Theatre Review - Lemons Lemons Lemons Lemons Lemons


SAM Steiner’s play starts off as a romantic comedy before becoming something darker. Conceived when he was at Warwick University, it played on the Edinburgh Festival Fringe in 2015 and has since been staged several times here and abroad before making its West End debut, directed by Josie Rourke.

Oliver (Aidan Turner) and Bernadette (Jenna Coleman) meet in a cat cemetery. She’s a lawyer, who has worked hard to get where she is, while he’s a laidback musician whose parents own a castle.

We begin to piece together their relationship through a series of disjointed scenes. At one moment they are declaring their love, then they are arguing. In one scene Aidan is inexplicably trying to communicate using morse code, in another they both shout a number before speaking.

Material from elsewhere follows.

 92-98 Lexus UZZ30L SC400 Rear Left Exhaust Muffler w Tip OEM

Gradually we learn that a government decree, nicknamed the “hush law”, has been passed. It limits the amount of words they can speak to 140 a day. There’s no real explanation for this draconian measure – we just have to accept it and witness what it does to their relationship.

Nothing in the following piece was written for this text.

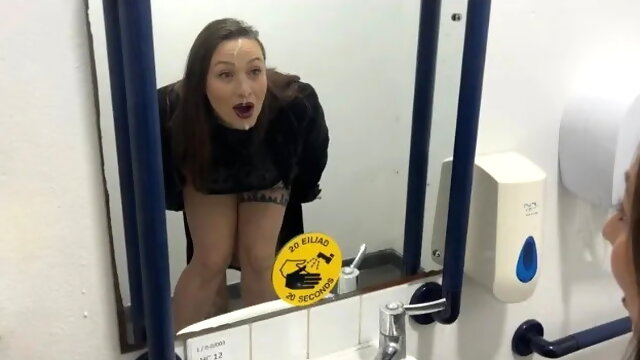 Cheating Boss Takes Surprise Facial in Pub Toilets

In the lead up, Oliver attends numerous protests, often with his former girlfriend. Bernadette is more blasé about the impending law. When it is voted in, Oliver continues to lobby for it to be repealed.

Lemons… becomes considerably more menacing at this point. Suddenly we realise that free expression has been curtailed and they are being controlled by an authoritarian state. The numbers they shout are the words they have saved to share after work.

How can they make any meaningful decisions, like whether to have a baby, when they can’t discuss it at length? An up side is that any argument will end when one of them runs out of words.

Robert Jones’ cluttered back wall, beautifully lit by Aideen Malone, provides a neat contrast to the scarcity of words. Steiner’s debut is flawed, but gloriously ambitious. It’s no surprise to learn his star is already in the ascendent.